Not Your Average First-Day Photo
This is probably why I cried when his principal called me and we had a discussion about my son’s needs. It was actually a great discussion, but it forced me closer to the point of admitting that my son just may not outgrow whatever his challenges are.
So I sat down with the paperwork for his SST (student success team) meeting. It is a basic questionnaire, and it asks what I enjoy about my child, what activities he likes, what my concerns are at school, at home, and in other situations, types of discipline I find to be most effective, and expectations that I have for my child. It closes by asking what else I’d like for the team to know.
It’s so easy to fill out what I like about him and what his strengths are. He is the most charismatic little guy so much of the time. He generally has an easy time making friends and he wins over lots of random strangers when he converses with them in the manner of a courteous and attentive forty-year-old man. He’s cute. He’s funny. He’s brave and fairly coordinated.
He Was Participating!
I had to think a bit when I realized that all of the things he really enjoys are either solitary activities or one-on-one activities, generally with the other “one” being an adult. But that’s OK, I remind myself. Filling in my concerns was also easy. They’ve noticed the problems at school. We’re getting better at eliminating the problems at home, though a few remain. We’re getting slightly better at church and soccer, though you never know.
I know what kinds of discipline work best for him(thanks, Kaiser psychologists). I am even getting better at instituting them consistently.
Good Behavior Cards
I paused when I was filling in the expectations section. This is the point when my internal dialogue kicked in.
I guess I don’t articulate “expectations” that much, and I have some negative associations with the word. But I realize, Of course I have expectations for my children. I expect respectful behavior.
I imagine noting on the form, I get thwarted in that.
I expect behavior that is appropriate for its situation. I imagine extending that note to include my second expectation too.

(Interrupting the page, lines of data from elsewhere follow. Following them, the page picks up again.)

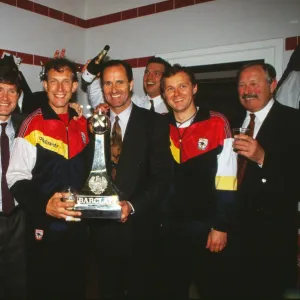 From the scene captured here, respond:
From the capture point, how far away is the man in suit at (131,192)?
2.03 m

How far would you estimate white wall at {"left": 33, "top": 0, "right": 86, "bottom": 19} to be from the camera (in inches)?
174

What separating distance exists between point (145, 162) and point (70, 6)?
3.51 metres

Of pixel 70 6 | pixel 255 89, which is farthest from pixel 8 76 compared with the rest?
pixel 70 6

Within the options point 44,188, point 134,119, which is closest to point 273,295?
point 134,119

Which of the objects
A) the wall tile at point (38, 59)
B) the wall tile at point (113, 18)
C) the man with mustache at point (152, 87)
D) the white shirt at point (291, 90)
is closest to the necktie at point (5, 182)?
the man with mustache at point (152, 87)

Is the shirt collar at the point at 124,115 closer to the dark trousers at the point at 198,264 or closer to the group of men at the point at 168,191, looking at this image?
the group of men at the point at 168,191

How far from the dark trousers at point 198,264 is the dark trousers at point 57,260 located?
0.60 meters

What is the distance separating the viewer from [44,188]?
6.54 ft

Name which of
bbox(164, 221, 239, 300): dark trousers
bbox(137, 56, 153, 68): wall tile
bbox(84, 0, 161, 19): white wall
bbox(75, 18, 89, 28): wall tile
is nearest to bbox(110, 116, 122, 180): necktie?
bbox(164, 221, 239, 300): dark trousers

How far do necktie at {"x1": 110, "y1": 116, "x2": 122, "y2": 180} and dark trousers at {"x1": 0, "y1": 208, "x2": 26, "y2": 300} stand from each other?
0.82 m

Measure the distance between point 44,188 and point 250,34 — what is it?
2765 millimetres

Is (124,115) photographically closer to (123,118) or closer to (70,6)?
(123,118)

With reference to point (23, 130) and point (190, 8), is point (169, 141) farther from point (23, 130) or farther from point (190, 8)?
point (190, 8)

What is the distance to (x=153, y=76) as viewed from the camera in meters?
3.39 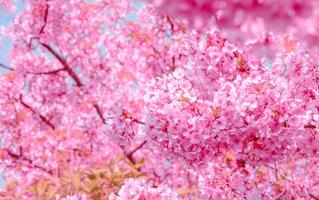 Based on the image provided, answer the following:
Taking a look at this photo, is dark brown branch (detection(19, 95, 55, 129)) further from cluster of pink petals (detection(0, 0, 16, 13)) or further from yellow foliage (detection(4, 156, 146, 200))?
yellow foliage (detection(4, 156, 146, 200))

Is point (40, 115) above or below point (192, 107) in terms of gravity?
above

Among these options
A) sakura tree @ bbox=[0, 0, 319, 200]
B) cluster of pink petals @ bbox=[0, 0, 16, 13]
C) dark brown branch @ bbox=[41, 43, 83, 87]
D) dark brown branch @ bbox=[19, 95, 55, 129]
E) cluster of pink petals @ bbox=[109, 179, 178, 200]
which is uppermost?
cluster of pink petals @ bbox=[0, 0, 16, 13]

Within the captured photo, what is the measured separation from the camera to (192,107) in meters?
4.11

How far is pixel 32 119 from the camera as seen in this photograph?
13.1 m

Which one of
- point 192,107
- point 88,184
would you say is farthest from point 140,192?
point 88,184

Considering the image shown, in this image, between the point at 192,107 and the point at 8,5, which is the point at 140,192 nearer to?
the point at 192,107

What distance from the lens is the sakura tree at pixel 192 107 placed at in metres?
2.01

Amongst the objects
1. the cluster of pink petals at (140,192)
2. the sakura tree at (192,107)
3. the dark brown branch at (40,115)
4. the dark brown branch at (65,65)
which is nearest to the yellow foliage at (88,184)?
the sakura tree at (192,107)

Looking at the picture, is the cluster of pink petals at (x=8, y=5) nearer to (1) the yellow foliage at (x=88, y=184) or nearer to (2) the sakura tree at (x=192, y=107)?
(2) the sakura tree at (x=192, y=107)

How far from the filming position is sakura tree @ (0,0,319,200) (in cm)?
201

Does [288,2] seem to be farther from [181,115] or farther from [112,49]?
[112,49]

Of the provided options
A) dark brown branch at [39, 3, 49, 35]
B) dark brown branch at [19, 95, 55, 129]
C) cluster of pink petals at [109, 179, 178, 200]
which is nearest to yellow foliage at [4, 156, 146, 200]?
cluster of pink petals at [109, 179, 178, 200]

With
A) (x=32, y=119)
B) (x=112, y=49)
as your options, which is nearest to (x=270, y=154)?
(x=32, y=119)

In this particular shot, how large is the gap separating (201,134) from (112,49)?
34.6 feet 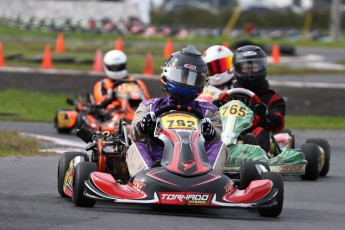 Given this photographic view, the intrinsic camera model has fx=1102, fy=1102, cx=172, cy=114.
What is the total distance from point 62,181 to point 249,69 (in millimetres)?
3611

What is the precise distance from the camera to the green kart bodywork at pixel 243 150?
11.3 meters

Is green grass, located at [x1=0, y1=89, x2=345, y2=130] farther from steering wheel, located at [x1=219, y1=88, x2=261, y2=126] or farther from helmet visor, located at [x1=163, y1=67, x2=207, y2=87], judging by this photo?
helmet visor, located at [x1=163, y1=67, x2=207, y2=87]

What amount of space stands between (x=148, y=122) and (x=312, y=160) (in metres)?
3.45

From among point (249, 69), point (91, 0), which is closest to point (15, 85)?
point (249, 69)

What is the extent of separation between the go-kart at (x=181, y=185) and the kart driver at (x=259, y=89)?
129 inches

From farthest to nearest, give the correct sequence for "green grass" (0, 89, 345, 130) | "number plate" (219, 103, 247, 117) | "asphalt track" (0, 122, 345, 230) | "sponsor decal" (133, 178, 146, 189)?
"green grass" (0, 89, 345, 130) < "number plate" (219, 103, 247, 117) < "sponsor decal" (133, 178, 146, 189) < "asphalt track" (0, 122, 345, 230)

I expect him to put in effort. I expect kindness toward others. I expect compliance.
Sh*t. He does not fulfill any of those expectations.
I suddenly feel torn. I feel like my expectations are too high, like I shouldn’t have expectations or something. But part of me is looking over my shoulder and saying, Some people reading this would think that my son’s problem is that I’m not sure if I should expect these things from him.

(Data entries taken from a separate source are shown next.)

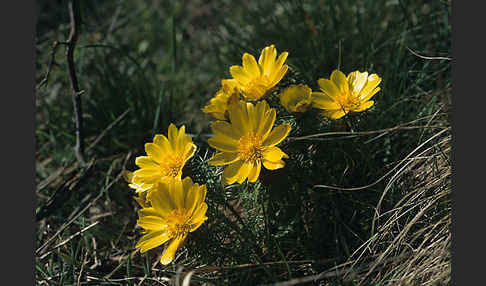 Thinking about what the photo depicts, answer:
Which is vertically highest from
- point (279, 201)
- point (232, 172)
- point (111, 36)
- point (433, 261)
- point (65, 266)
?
point (111, 36)

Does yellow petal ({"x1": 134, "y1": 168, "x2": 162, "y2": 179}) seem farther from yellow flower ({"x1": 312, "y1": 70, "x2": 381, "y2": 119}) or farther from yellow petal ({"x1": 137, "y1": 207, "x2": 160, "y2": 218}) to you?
yellow flower ({"x1": 312, "y1": 70, "x2": 381, "y2": 119})

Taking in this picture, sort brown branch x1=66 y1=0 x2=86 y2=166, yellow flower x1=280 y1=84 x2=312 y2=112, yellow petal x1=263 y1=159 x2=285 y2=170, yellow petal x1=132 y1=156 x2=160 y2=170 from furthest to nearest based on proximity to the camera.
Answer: brown branch x1=66 y1=0 x2=86 y2=166
yellow petal x1=132 y1=156 x2=160 y2=170
yellow flower x1=280 y1=84 x2=312 y2=112
yellow petal x1=263 y1=159 x2=285 y2=170

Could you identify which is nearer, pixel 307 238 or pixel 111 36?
pixel 307 238

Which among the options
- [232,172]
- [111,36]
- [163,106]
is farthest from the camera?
[111,36]

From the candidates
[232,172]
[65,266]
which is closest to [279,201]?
[232,172]

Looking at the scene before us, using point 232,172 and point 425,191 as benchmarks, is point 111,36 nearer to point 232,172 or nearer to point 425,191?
point 232,172

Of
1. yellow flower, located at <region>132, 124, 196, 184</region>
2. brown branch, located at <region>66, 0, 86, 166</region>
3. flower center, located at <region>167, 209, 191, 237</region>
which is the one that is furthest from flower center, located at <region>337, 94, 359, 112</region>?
brown branch, located at <region>66, 0, 86, 166</region> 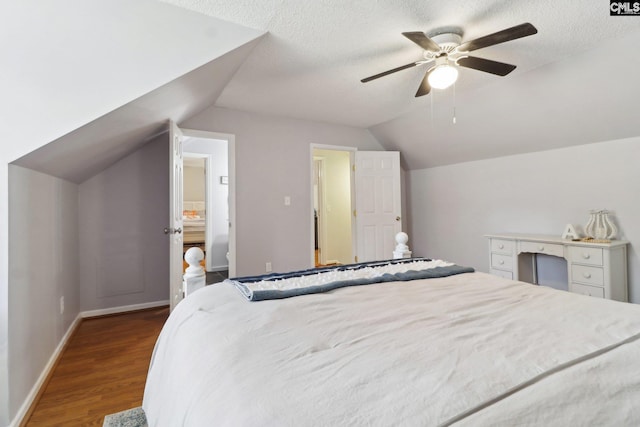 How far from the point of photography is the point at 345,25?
2020 millimetres

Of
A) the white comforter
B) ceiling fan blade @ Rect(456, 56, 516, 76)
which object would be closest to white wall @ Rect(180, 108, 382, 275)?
ceiling fan blade @ Rect(456, 56, 516, 76)

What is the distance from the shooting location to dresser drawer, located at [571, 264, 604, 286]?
271 centimetres

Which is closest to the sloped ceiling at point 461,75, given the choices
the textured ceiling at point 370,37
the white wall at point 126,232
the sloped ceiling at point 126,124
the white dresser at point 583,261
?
the textured ceiling at point 370,37

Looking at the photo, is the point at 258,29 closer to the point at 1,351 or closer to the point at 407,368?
the point at 407,368

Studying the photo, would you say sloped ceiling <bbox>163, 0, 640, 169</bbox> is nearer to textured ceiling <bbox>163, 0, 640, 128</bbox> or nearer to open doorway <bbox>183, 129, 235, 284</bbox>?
textured ceiling <bbox>163, 0, 640, 128</bbox>

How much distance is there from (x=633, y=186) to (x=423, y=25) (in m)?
2.45

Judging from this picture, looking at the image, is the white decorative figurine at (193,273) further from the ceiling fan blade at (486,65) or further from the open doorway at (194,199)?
the open doorway at (194,199)

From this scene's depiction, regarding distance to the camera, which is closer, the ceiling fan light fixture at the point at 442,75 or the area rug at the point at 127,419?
the area rug at the point at 127,419

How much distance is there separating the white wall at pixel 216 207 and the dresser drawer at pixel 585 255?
4680mm

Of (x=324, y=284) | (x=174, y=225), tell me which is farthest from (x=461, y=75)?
(x=174, y=225)

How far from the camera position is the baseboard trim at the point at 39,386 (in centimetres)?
163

I even know that last part isn’t true. I think on the inside I still not only have these, but more rigorous expectations, and I wrote down the ones I think I “ought” to have. And I have received multiple insinuations already that I am somehow responsible for my child’s behavior–I must be like him myself, I must not discipline him, I must not be firm enough with him…you name it. And it’s all baloney, because I value structure and discipline, I myself was an easily cowed and tearful child, and I am sitting here wondering if I actually have secret expectations I’m not willing to face, since I wasn’t even particularly aware of these ones I think I “ought” to have. I pride myself on thinking things like, “If my children make sexual/social/school/substance mistakes as teenagers, I want to be have set up such a relationship that they’ll come to me with these problems.” But meanwhile, maybe I have no room for them to behave in a way outside of what I consider normal.
Despite nearly 35 years of life, a failed marriage, trying to parent an extremely challenging child, and being disappointed countless times, I am still coasting along on my great expectations. I expect my children to be perfect. I expect myself to be perfect. I am in danger of chalking up my son’s perfectly normal behavior to his “problems” instead of remembering that many, many kindergarteners refuse to enter the classroom or settle down during circle time. I am also terrified that I would have a hard time accepting it if it turned out that one of my children was never going to have an easy time fitting into society’s boundaries, which I am extremely rigidly bound by.
May looking my expectations for my children in the eye help me loosen my grip on them.